:: REQUIRED ACTION ::
Copy exactly the lines from the one containing "La peor & unica" through the last line of the records below, both included, and leave out the pictures.
BEGIN SUPPLIED RECORDS
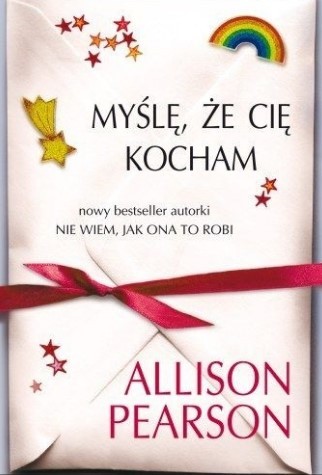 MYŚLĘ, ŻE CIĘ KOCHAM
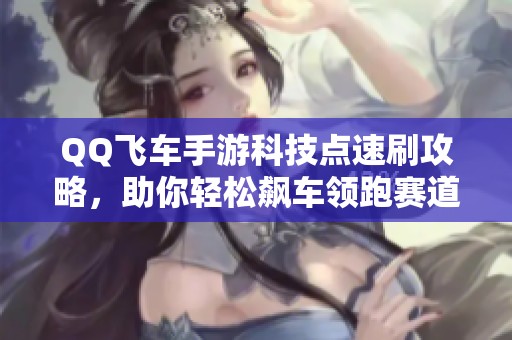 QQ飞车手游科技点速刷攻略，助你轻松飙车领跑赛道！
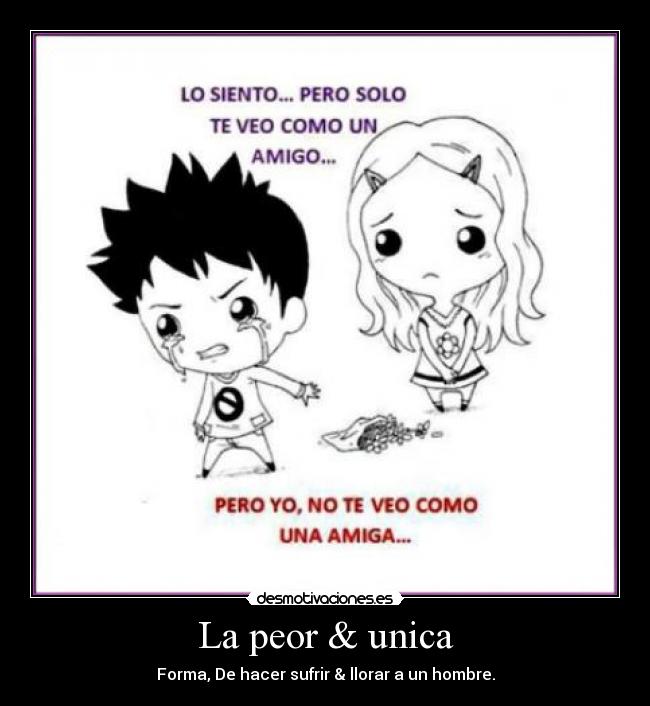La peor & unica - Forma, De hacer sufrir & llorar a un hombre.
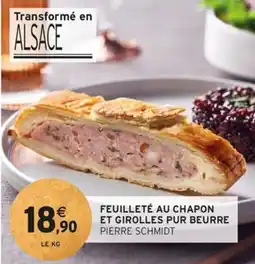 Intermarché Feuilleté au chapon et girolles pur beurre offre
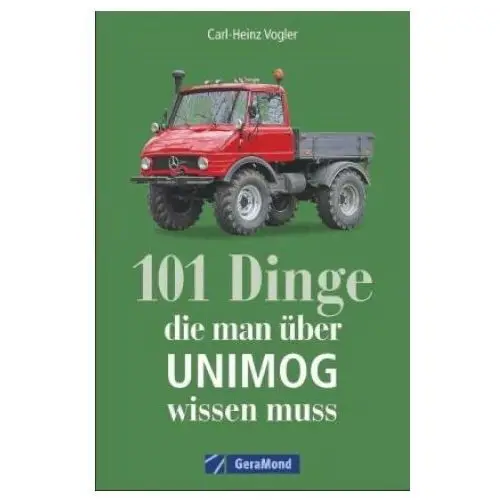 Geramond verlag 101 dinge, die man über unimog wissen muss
END SUPPLIED RECORDS
:: REPLY ::
La peor & unica - Forma, De hacer sufrir & llorar a un hombre.
 Intermarché Feuilleté au chapon et girolles pur beurre offre
 Geramond verlag 101 dinge, die man über unimog wissen muss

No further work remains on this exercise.